Harris uses economy, history, geography and politics to enlighten the reader in regards to the effect of globalization in Latin America and the ill economic distribution of is people. This text will be used as a reference in regards to economic conditions within the global economic context and the struggle of various ideologies in Latin America. Mendez, J. B. (2002). Gender and Citizenship in a Global context: The struggle for Maquila workers’ rights in Nicaragua. Identities: Global Studies in Culture and Power, 1 (9), pp.7-38. Proquest. Annotations: Mendez focuses her attention to the contemporary female working class and their political rights. The notion of Sandistas is intrinsically identifying when describing machismo in various in Nicaraguan trade union policies. The concept of maquila is analyzed to describe the working conditions in Latin America, specifically Nicaragua. The research method used by Mendez is document analysis to provide concrete examples to help illustrate globalization’s impact on gender and economic disparities within the sexes. Neoliberalism is used to show the economic upheaval of female workers human rights and as a tool for social disparities within male and female Latin Americans. The concept of gender difference is examined in light of the restructuration of gender differences, which are key aspects of the household and living environment. The social concept of sexism is exhibited within the article in such a way that depicts the struggle for women in regards to working rights, demonstrating key elements of this article. Ultimately, the power shift between the sexes is re-evaluated in regards to economic distribution and political power. Mendez uses politics, sociology, history, economy and anthropology to prove the gender inequality within the Nicaraguan working class. Politics are used to help attribute Neoliberalism’s relation to globalization and human rights within Latin America.

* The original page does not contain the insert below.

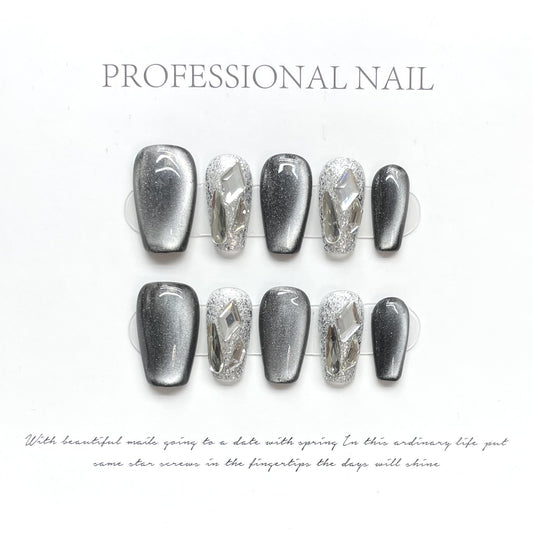 Shadowy Spark| Long Coffin Manicure| Handmade Press on Nails H211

This article will be used to provide political examples regarding the political relation to the gap within gender power relations. Also, how the economy helps increase these power relations amongst the sexes leading to salary fluctuations and working rights. Safa, H. I. (1995). The Myth of the Male Breadwinner: Women and industrialization in the Carribbean. Oxford: Westview Press Inc Annotations: In Helen Safa’s book the concept of the male “breadwinner” in Latin America is redefined helping the reader attach new meanings to Caribbean and Dominican gender roles. She illustrates the female status of such societies as economically dependent and autonomous. Although welfare is mostly attributed to male Latin Americans, most males are characterized as unproductive and unoccupied. Safa clearly states the transition of such classic patriarchies to contemporary maternally oriented nations. The author uses the research analysis method providing researcher examples and citations in her book to help direct the reader towards the effects of the global economy on Latin American gender ideologies. The concept of breadwinner is examined to help justify the drastic anthropological changes in gender characterized by the shift in female roles. The transition of gender is a result of the countries’ gender identity in the household and the typical roles. The author describes the world economy’s impact on such roles and the aftermath by clarifying the unproductive single tasked male versus the multi-tasking and autonomous female. Here anthropology, sociology, economy and politics are used to analyze industrialization in the Dominican Republic and the Caribbean. The concept of patriarchy demonstrates the concrete usage of sociology and the political notion of capitalism helps characterise the intent of industrializing such countries.

This book will be used to provide concrete examples deriving from the current economic and political status of Latin America. Also, various statistics and charts will be used to help achieve the optimal absorption of male and female socio-economic distribution within their geographical settings.